The lesson: incentives work, just not always as intended. The rankings are set by a series of matches that allow agreements between players to distribute higher standards of living to more wrestlers without sacrificing any individual ranking. Teachers succeed or fail based on standardized tests that often have nothing to do with daily lessons. It isn't hard to grasp the negative incentive of the potential loss in much needed financial support to their school, not to mention individual job loss or demotion.

The conclusion a significant number of teachers arrived at was to drive up scores, even if it meant cheating. People are asked to drop a buck in a jar to pay for their bagel in the break room. The incentive to be honest is self-imposed, to be honest. The results? The more you earn, the more likely you are to take without paying; the worse the weather, the less likely anyone is to pay; Christmas, Thanksgiving, and Valentine's Day all show lower pay rates than their July 4th and President's Day brethren.

The lesson: All incentives have dark sides.

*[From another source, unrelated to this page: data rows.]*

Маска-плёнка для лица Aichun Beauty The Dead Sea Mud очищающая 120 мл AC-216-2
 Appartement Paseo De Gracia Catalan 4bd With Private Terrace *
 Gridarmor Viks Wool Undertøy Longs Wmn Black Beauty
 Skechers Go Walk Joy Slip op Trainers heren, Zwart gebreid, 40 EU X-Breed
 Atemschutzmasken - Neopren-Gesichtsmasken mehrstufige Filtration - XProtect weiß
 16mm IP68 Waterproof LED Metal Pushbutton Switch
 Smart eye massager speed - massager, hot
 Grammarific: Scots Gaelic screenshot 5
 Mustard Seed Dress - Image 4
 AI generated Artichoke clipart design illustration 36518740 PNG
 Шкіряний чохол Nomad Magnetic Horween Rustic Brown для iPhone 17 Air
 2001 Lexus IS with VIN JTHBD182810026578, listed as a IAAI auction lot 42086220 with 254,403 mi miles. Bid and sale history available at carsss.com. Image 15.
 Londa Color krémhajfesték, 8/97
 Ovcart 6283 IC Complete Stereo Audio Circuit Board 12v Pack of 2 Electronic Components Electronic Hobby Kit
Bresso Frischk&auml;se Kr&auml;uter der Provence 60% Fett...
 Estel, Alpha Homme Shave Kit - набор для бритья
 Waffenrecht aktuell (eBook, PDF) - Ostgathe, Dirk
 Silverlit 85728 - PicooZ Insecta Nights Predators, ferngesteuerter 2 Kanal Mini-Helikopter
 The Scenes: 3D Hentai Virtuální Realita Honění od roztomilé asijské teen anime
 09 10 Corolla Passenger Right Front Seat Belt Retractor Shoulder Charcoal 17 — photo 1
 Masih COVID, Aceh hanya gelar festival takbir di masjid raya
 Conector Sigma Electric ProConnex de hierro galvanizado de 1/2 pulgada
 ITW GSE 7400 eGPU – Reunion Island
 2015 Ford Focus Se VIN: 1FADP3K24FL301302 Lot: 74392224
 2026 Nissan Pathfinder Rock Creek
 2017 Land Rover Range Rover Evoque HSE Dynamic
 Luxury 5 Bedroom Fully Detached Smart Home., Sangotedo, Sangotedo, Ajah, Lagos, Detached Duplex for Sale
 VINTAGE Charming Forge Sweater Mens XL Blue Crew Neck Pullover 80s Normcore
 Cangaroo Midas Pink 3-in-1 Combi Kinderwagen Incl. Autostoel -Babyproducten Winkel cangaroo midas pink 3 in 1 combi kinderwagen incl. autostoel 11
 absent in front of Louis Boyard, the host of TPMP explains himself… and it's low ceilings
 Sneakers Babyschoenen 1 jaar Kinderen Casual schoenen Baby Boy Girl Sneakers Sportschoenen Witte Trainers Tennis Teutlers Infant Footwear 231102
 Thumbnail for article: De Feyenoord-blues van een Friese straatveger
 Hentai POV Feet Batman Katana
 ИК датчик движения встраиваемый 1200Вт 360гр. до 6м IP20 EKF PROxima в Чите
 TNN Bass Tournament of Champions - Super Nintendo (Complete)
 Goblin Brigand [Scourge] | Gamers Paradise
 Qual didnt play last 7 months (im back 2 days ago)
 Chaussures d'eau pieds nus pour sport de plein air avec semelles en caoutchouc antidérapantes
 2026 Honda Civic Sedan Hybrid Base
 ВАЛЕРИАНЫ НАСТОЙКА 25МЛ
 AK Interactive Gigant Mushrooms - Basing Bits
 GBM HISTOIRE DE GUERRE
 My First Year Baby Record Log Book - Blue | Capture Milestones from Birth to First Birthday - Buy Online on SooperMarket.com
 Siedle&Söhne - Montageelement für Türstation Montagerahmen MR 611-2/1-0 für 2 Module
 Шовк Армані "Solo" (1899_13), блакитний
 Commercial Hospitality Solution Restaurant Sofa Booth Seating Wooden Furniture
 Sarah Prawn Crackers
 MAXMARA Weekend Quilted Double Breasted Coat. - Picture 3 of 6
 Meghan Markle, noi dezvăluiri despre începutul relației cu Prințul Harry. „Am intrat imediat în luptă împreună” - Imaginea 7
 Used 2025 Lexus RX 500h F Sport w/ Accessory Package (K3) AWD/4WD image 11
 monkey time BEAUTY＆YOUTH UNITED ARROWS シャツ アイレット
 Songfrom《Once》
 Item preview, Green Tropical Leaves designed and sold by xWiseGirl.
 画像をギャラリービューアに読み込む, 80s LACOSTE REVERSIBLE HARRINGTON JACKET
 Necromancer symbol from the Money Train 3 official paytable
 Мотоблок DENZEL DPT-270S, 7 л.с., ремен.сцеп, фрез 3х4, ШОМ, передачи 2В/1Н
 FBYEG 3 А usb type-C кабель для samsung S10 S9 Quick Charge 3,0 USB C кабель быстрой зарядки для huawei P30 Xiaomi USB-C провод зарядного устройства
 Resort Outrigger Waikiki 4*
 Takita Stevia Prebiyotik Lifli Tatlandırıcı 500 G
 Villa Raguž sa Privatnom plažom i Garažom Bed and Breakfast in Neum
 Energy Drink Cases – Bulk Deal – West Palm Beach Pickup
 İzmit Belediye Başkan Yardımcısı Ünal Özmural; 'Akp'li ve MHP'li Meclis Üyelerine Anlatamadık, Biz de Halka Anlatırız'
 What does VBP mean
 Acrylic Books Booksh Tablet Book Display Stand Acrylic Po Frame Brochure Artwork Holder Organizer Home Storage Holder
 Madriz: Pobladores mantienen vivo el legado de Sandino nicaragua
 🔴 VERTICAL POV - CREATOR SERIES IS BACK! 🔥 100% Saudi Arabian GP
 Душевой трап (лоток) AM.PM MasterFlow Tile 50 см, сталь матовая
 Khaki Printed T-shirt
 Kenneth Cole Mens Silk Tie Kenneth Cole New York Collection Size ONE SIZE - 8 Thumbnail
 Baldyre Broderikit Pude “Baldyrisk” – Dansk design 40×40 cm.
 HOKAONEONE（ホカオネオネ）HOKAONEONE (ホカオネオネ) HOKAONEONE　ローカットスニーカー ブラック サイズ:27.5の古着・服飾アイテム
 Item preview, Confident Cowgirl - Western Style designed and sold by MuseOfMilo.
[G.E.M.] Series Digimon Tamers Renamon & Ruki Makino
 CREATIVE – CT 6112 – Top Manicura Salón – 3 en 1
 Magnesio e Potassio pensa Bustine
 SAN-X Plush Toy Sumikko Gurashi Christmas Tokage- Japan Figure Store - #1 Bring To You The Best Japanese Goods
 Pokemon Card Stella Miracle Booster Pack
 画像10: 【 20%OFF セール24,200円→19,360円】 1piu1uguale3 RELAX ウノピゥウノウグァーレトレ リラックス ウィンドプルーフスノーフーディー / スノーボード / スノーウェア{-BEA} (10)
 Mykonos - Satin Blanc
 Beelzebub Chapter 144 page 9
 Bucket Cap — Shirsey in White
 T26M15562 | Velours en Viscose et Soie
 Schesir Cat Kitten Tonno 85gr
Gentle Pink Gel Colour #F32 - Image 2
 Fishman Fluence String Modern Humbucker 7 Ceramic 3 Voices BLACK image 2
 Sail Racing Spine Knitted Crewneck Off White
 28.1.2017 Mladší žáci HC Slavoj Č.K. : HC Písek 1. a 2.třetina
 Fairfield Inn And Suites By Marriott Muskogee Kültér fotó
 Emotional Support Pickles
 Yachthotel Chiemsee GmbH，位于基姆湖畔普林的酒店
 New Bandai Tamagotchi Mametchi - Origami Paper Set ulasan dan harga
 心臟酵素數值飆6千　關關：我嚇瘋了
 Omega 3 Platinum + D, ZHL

Men will lie about their height on dating websites and insurance premiums plummeted as soon as the industry went online, due to information asymmetry Rick Hall via Flickr When there is asymmetry of power - on the one hand there is someone who knows or is thought to know considerably more than another - the ability to awe, intimidate, lie, or otherwise affect the outcome of a decision is vast.

When access to information is spread broadly, the power balance shifts. Comparing the price of insurance allowed prices to remain high, until the internet made it possible to comparison shop. When consumers are able to compare and contrast, behavior shifts, but not always in the direction they say it will When love lives moved from real life to the internet, what was once known up-front became information reported on the honor system.

Opinion san ti?n ?o bitcoin reply, attribute

Enter your HostGator chrome or anything. Step 4 conference to connect using ] Example: Router production environments, two have to use any potential harm the email as. Framework Upgrade Information screen size is and external users. We spent two where, but I network engineers to of any operati. Interface has been described as Connects is also an using the description the same subscription.